The news is by your side.

Federal health and retirement benefits are a draw for many, but for how long?

This column originally published on July 13.

A wise person once told me in my younger years that if I wanted a stable job with good health and retirement benefits, I should join the federal government.

That person was my father, who, in some ways, is your stereotypical baby boomer fed. He joined government after the Army and then college. He stayed at the same agency for years and happily retired after a few decades with a pension and health insurance for life.

A recent survey from the Office of Personnel Management found that federal health and retirement benefits were a similar draw for many current employees.

About 70% of those who took OPM’s 2019 benefits survey said the ability to receive insurance through the Federal Employee Health Benefits Program influenced their decision to a “great or moderate” extent to take a job in government, while 80% said the program influenced their decision to keep their jobs.
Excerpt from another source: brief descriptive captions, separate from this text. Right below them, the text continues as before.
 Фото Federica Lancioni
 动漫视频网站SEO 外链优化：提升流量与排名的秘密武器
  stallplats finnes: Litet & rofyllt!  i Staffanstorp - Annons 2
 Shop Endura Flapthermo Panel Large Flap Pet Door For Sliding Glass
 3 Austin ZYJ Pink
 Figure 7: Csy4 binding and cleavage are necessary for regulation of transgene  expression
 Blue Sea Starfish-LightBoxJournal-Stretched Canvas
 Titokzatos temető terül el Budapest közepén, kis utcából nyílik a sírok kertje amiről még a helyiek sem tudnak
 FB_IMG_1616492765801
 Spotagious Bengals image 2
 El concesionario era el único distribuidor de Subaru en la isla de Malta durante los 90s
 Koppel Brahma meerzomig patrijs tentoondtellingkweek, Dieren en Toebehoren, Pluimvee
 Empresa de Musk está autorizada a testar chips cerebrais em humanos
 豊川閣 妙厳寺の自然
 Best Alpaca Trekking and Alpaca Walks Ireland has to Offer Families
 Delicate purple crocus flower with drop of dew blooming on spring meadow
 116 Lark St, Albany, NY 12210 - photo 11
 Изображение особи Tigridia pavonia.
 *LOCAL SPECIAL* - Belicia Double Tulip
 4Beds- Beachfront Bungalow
Federal retirement programs had a similar impact on recruitment and retention efforts.

This isn’t so surprising, considering the reasonably high rankings that the FEHB, Thrift Savings Plan and health insurance programs received from current feds.

Source: Office of Personnel Management Federal Employee Benefits survey

What’s perhaps more interesting, is how various generational groups view the same health and retirement benefits.

About 70% of baby boomers said the FEHB meets their needs to a great extent. But for millennials, 53% agreed with that statement, the OPM survey said.

Perhaps no surprise, baby boomers prioritize prescription drug coverage and doctor availability when choosing an FEHB plan, while millennials are more concerned about total out-of-pocket costs. Roughly 86% of millennials said costs were the top factor when choosing a plan, while 77% of Generation X and 69% of baby boomers named cost as a top concern.

Millennials, some 55% of them, are more likely to consider changing their health plan within the span of five years, compared to 42% of baby boomers and 49% of Generation X, according to the survey.

Millennial and Generation X employees are also more likely to seek telehealth or mental health services for themselves or a family member, OPM found.

When asked to describe what other kinds of benefits might interest them, federal employees of all ages said they were most interested in short-term disability insurance and financial advisory services. Millennials, however, more frequently described emergency child or dependent care as a top interest.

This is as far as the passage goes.